The Boston Tea Party 1773
The Boston Tea Party, a protest against tea duties in December 1773, was the catalyst that started the American War of Independence , leading to the United States of America becoming an independent nation and no longer a collection of British colonies.
In Boston Harbor, a group of Massachusetts colonists disguised as Mohawk Indians board three British tea ships and dump 342 chests of tea into the harbour.
The midnight raid, popularly known as the “Boston Tea Party,” was in protest of the British Parliament’s Tea Act of 1773, a bill designed to save the faltering East India Company by greatly lowering its tea tax and granting it a virtual monopoly on the American tea trade. The low tax allowed the East India Company to undercut even tea smuggled into America by Dutch traders, and many colonists viewed the act as another example of taxation tyranny.When three tea ships, the Dartmouth, the Eleanor, and the Beaver, arrived in Boston Harbour, the colonists demanded that the tea be returned to England. After Massachusetts Governor Thomas Hutchinson refused, Patriot leader Samuel Adams organized the “tea party” with about 60 members of the Sons of Liberty, his underground resistance group. The British tea dumped in Boston Harbour on the night of December 16 was valued at some $18,000.

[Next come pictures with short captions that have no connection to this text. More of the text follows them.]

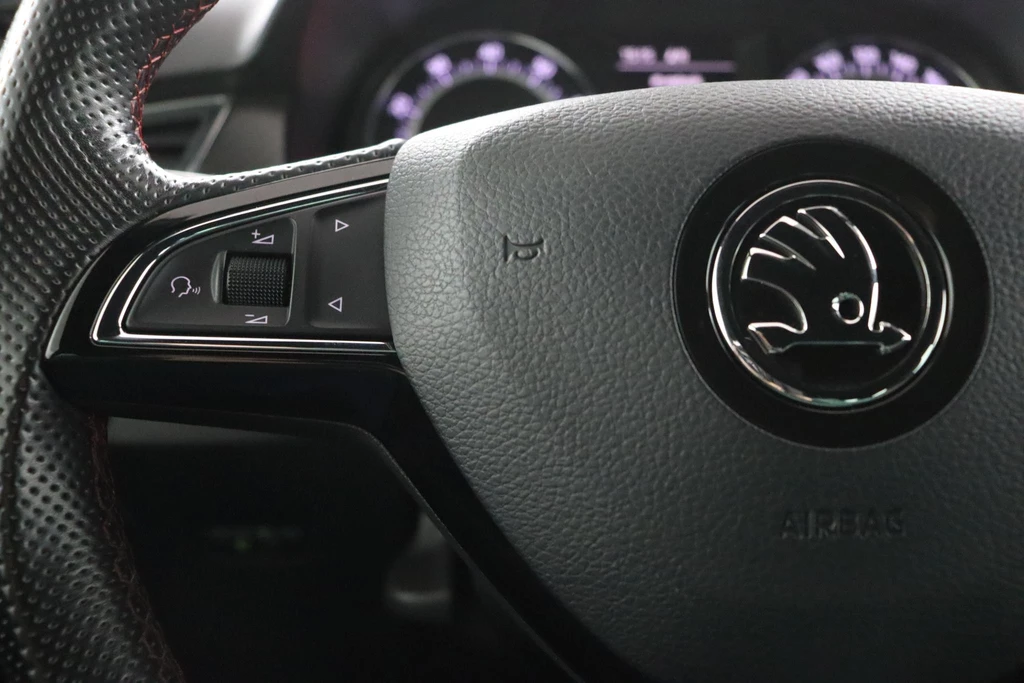 Škoda Fabia – foto 26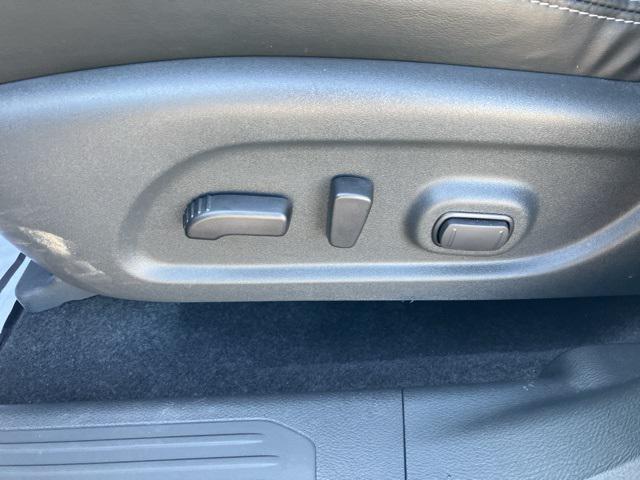 used 2024 Nissan Murano car, priced at $27,999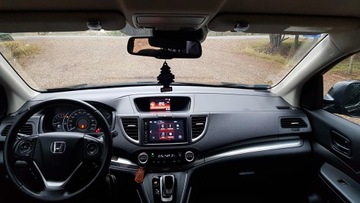 Honda CR-V 2015 HONDA CR-V IV (RM_) 1.6 i-DTEC 4WD 160 KM, zdjęcie 8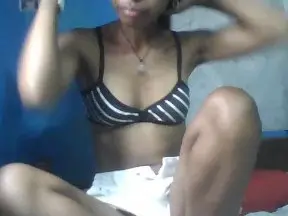 Cam4 Nude Webcam of Volatian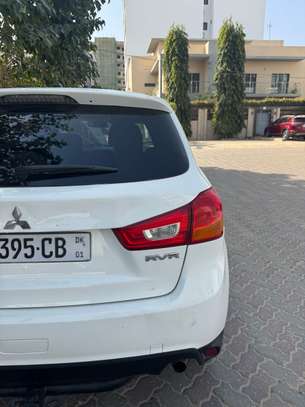 MITSUBISHI RVR 2012 image 10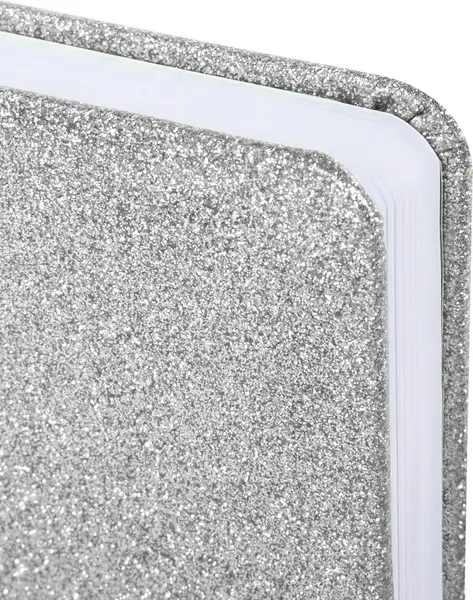 Изображение товара Ежедневник Brauberg 2026 / 117440 (серебристый)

Parliament, outraged by the blatant destruction of British property,enacted the Coercive Acts, also known as the Intolerable Acts, in 1774.
The Coercive Acts closed Boston to merchant shipping,established formal British military rule in Massachusetts, made British officials immune to criminal prosecution in America, and required colonists to quarter British troops. This Tea Party sparked off other protests: tea being shipped to New York and Philadelphia was sent back to London, while tea off-loaded at Charleston was left to rot in the warehouses. In retaliation, the British government passed five laws in early 1774 that became known as the Intolerable Acts. Although intended primarily to punish the people of Massachusetts (the Acts included closing the port of Boston until the tea was paid for, restricting town meetings and giving the British-appointed governor more power), in the event the Acts played a key role in uniting the 13 American colonies against British rule. In September 1774, representatives of the colonies, including Samuel Adams, one of the Bostonian resistance leaders, met at the First Continental Congress to plan common measures of resistance against the Acts. The united resistance of the colonies would lead to the American Revolution and the Declaration of Independence, which was signed in July 1776, just three years after the Boston Tea Party.